Говоря так, мы вовсе не подписываемся под шопенгауэровским толкованием совести. Согласно учению этого мыслителя, наш глубинный, «умопостигаемый» характер неизменяем. «Каков в колыбельке, таков и в могилку». Смысл голоса совести Шопенгауэр сводит к жгучему сожалению от того, что я таков, а не иной. Шопенгауэр прав лишь в том, что корни злой воли находятся в самом нашем существе, а не только в мотивах. Ближе к истине стоит в этом отношении учение Канта, согласно которому мы обладаем свободой как способностью начинать новый ряд поступков (через преображение злой воли путем следования моральному закону).
5. Как заметил еще Сократ, совесть разоблачает зло (говорит, чего не нужно делать), но не указывает прямо путь добра[204]. Ибо вознесение души к добру предполагает уже ответную реакцию нашего «я» на голос совести.
Есть два рода совести: 1) разоблачающая - осуждающая нас за уже совершенное зло, и 2) предостерегающая нас от совершения зла в будущем. Первая форма совести призывает наше «я» к раскаянию; вторая - к преображению злой воли.
* * *
В нашей душе есть психические инстанции, подделывающиеся под голос совести, мимикрирующие под него, стремящиеся убедить нас в том, что наши желания, каковы бы они ни были, соответствуют объективному добру. Рассудок склонен играть роль как бы адвоката наших потаенных стремлений. В нас живет стремление к самооправданию. В противоположность этому, голос совести носит всегда обвинительный характер. Правда, иногда кажется, будто совесть «грызет» нас не за злые дела, а за какую-либо упущенную возможность, хотя бы мы стремились к удовлетворению наших эгоистических стремлений. Однако здесь мы имеем дело не с самой совестью, а с ее психическим эрзацем. Ибо досада не есть еще угрызение совести.
Совесть знает о добре и зле бесконечно больше, чем наше сознательное «я». Источники совести теряются в глубине нашего существа. Совесть есть орган познания добра и зла, орган восприятия абсолютных ценностей. Жалобы на то, что этот орган несовершенен, лишены основания. Совесть никогда не ошибается. Но, повторяем, явственность голоса совести возможна лишь при воле к восприятию этого голоса. Большей же частью мы не хотим слушать голоса совести и, сознательно или бессознательно, заглушаем его. Имея в виду эту практическую смутность голоса совести, Макс Шелер выше совести ставит «непосредственную интуицию Добра в его самоданности», т.е. моральную интуицию. Однако если бы мы обладали таким лучезарным органом познания добра и зла, то этика не была бы проблемой. Фактически, непосредственной интуицией добра обладает сама совесть, а не наше «я», способное лишь воспринимать ее голос.

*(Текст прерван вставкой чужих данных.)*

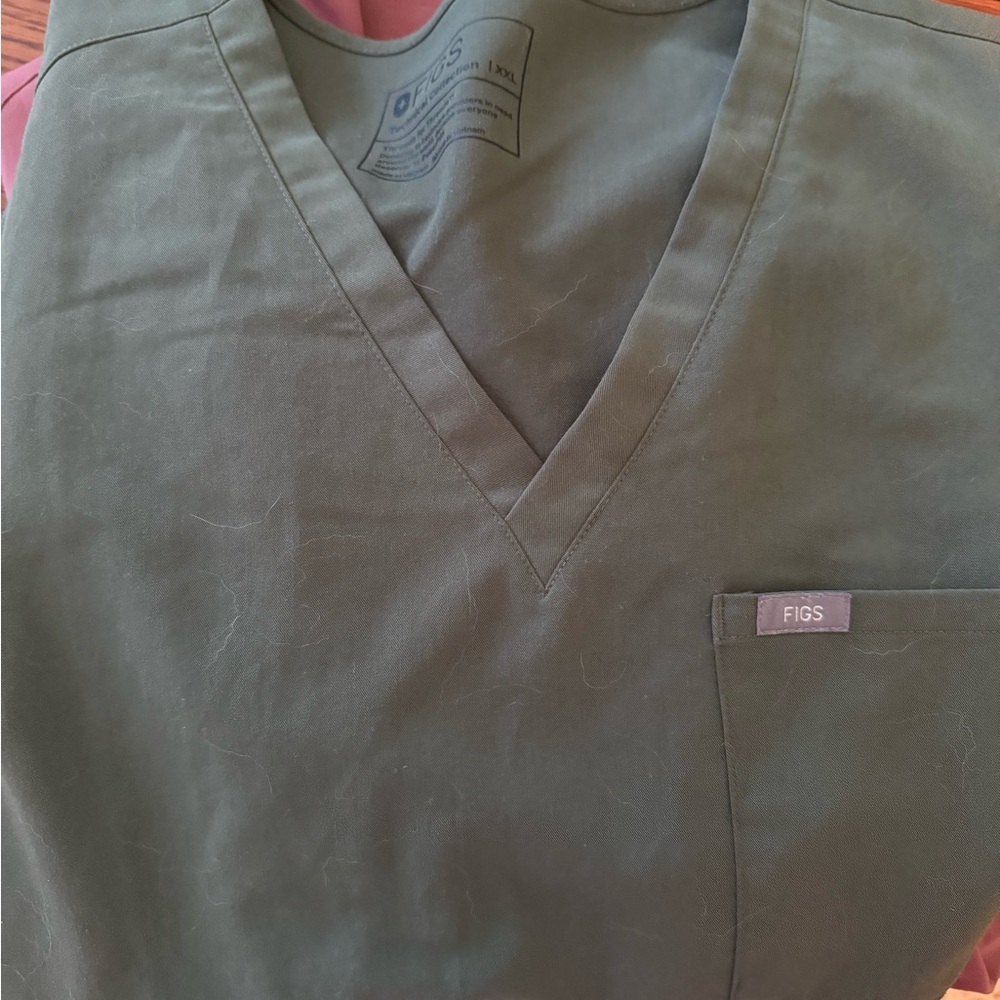 Figs Catarina Scrub Top and Zamora Joggers Army Green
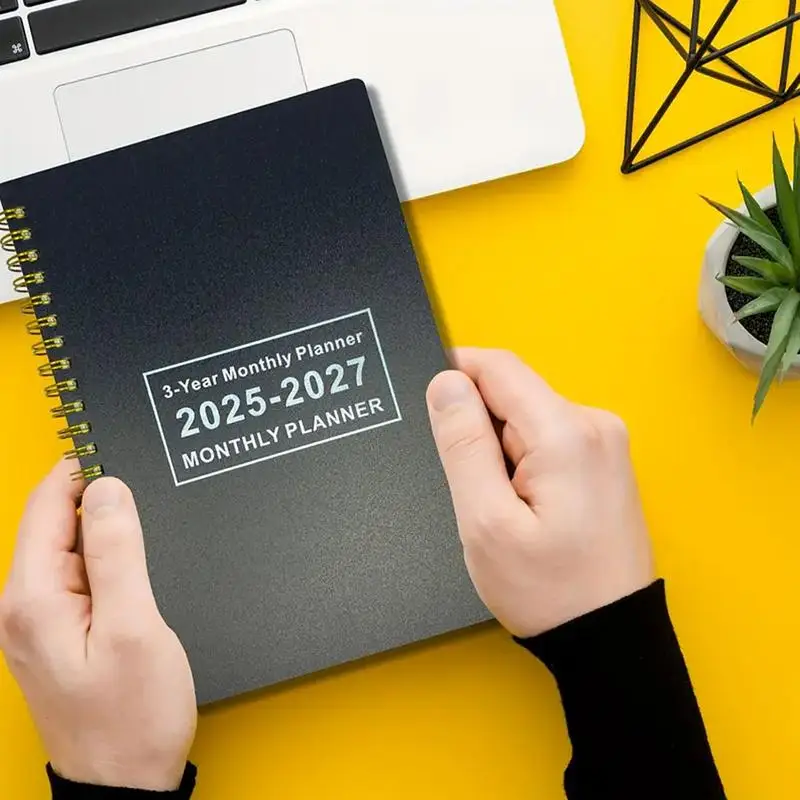 2025-2027 مخطط شهري دفتر مخطط يومي جدول الأعمال دفتر التاريخ للمدرسة كلية الأعمال المنزل مكتب العمل التنظيم اليومي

Совесть необъяснима ни природно, ни социологически. Совесть может быть понята лишь на основе метафизики сверхличных ценностей, ибо самое существо совести - метафизично. В нас самих осуществляется живая метафизика бытия, метафизика ценностей.
Проблема заключается, однако, не в том, что голос совести говорит или молчит, а в том, что он говорит, - в объективной и абсолютной иерархии ценностей, с которой он сообразуется. Поэтому обосновывать этику совестью, понимаемой только как психическая инстанция, было бы утонченной формой психологизма в этике. Но проблема объективной иерархии ценностей, равно как и проблема моральных санкций за нарушение морального закона (к чему приводит нарушение иерархии ценностей), будет рассмотрена нами в специальных главах. Пока же перейдем к проблеме нравственной свободы, так как источник всякого несовершенства и злой воли лежит в злоупотреблении свободой. Ибо ценности не обладают принудительной силой по отношению к человеческой воле, и отношение реальной воли к идеальным ценностям есть, прежде всего, отношение свободы.